Sözleşme ayrıca hükümlerinin etkili bir şekilde uygulanıp uygulanmadığını izlemek için özel bir gözlem mekanizması (GREVIO) kurmakta. Sözleşme kadınlar için pratik ve sistematik ilerleme bakımından etkili çünkü ayrıntılı ve açık eylem planı sağlıyor. Ortada gerçek bir siyasi irade varsa, herhangi bir hükümet sözleşme sayesinde kurumlar arası işbirliğini ve kamu fonlarını kapsayan sıkı bir protokol işletebilir. İstanbul Sözleşmesi dinci köktenciler için şeytani bir ad oldu. Oysa sözleşme toplumsal cinsiyet eşitsizliğini kadının sosyal dışlanmasından ekonomik kapasitesinin sınırlandırılmasına kadar yıkıcı sosyal sorun olarak görmekte.

Aynı zamanda sözleşme Finlandiya ve Avusturya gibi ülkelerde zaten denendi ve ulusal anlamda başarılı oldu. Bu durum sözleşmeyi kadınlar için özellikle önemli kılarken dinci köktenciler için tehlikeli yaptı. Çünkü sözleşme yalnızca semptomları iyileştirmek için uygulanabilir ve kapsayıcı bir politika sağlamıyor, aynı zamanda kadına karşı toplumlarda binlerce yıldır var olan patriarkal ideolojik sistemle mücadele ediyor.


ETKİSİZ POLİTİKALARA KARŞI ÖRGÜTLENDİK

► Hırvatistan’da sözleşmenin güncel durumu nedir?
Sözleşmenin 2018’de mecliste onaylanmasından beri aşırı sağ sızma ana akım merkez sağa nüfuz etti. Merkez sağ başbakan ülke genelinde sayısı yetersiz kadın sığınma evlerine büyük kamu yatırımları yapmaya söz vermişti. Bu Hırvatistan’ın sözleşmeyi onaylamasıyla birlikte şiddete maruz kalan insanlar için yapması gereken uluslararası bir yükümlülük olmuştu.

Kadın örgütleri uzun süredir sığınma evlerini ve danışmanlık hizmetlerini kapsayan istikrarlı kamu fon modelini savundu. Feminist hareketin mücadelesi sayesinde bazı gelişmeler yaşandı. Örneğin, hukuken cinsel şiddetin tanımı değiştirildi. Böylece daha önce 6 ayla 5 yıl arasında değişen cezalar artık 3 yıl ile 10 yıl arasında değişmeye başladı. Hükümetin kadını şiddetten koruma konusundaetkisizliği yeşil-sol hareketin politik olarak örgütlenmesinin en büyük nedenlerinden biri.
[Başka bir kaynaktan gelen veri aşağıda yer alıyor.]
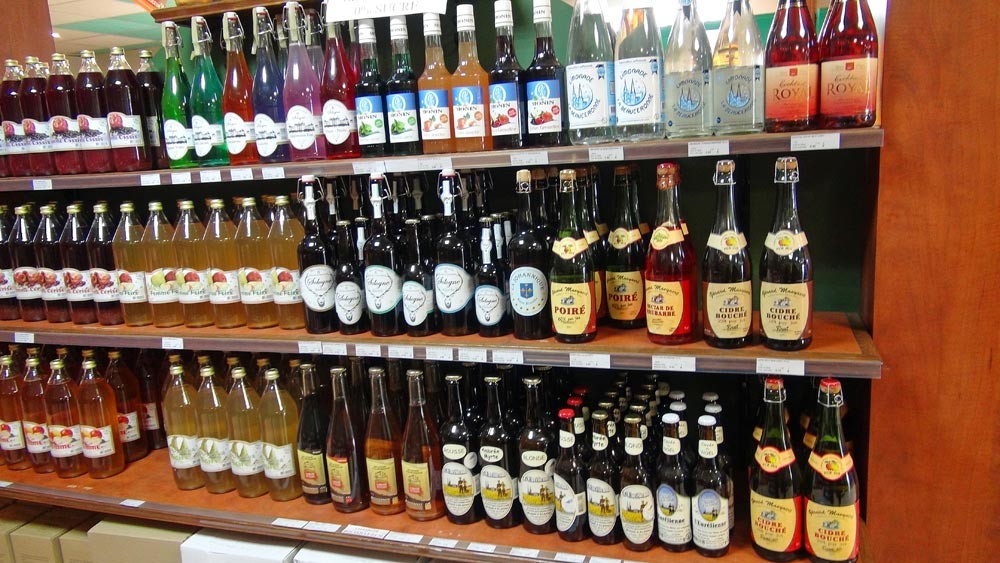 Quelques produits du terroir ligérien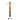 Two Colour Click-Clack - Tiger Pen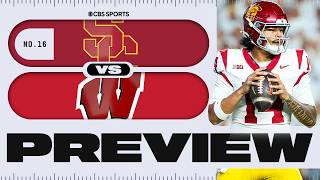 No. 16 USC vs Wisconsin Game Preview | Week 8 Picks and Predictions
Feminist aktivistler olarak, kadınların öldürüldüğü gerçekliğine siyasetçiler uyansın diye beklemeyeceğiz.

Meclise girdiğimizde hükümetin kadına karşı şiddetten kısaca bahsettiği 4 yıllık programa toplumsal cinsiyet kaygılarıyla itiraz eden bir tek biz olduk.

Programda kadına karşı şiddetten bahsedilmişti ancak ekonomik, sosyal ve politik hayattaki konumu programda yoktu.

siyasetciler-uyansin-diye-beklemeyecegiz-760955-1.


► Hırvatistan’da hangi gruplar İstanbul Sözleşmesi’ne karşı çıkıyor?
Sözleşmeye karşı çıkan grupların küresel çapta toplumsal cinsiyet eşitliğine karşı çıkan hareketlerin Hırvatistan şubesiyle yakın ilişkileri var. Polonya’da kadınların kürtaj hakkını kabul etmeyen, Romanya’da LGBTİ+ haklarına muhalif eden ve Atlantik’in her iki yakasında ayrımcılığa karşı yasaları engellemeye çalışan gruplarla Hırvatistan’daki gruplar aynı. AB ülkelerini İstanbul Sözleşmesi’nden çekilmesi konusunda sıkıştıran ‘ADF International’ gibi aşırı muhafazakâr yapılar burada sözleşmenin onaylanmasına karşı çıkanların işlerini kolaylaştırdı.

Sert tepkilere rağmen sorumlu medya organlarının yaptığı haberler, Hırvatistan’da kadın haklarını ve gündemini görünür kılarak daha fazla desteğin sağlanacağından eminim. Kadın haklarını savunma mücadelemizde geri çekilip teslim olmak yok. Başarılı olabilmemiz için Avrupa ve dünya genelinde daha fazla dayanışmaya ihtiyacımız olacak.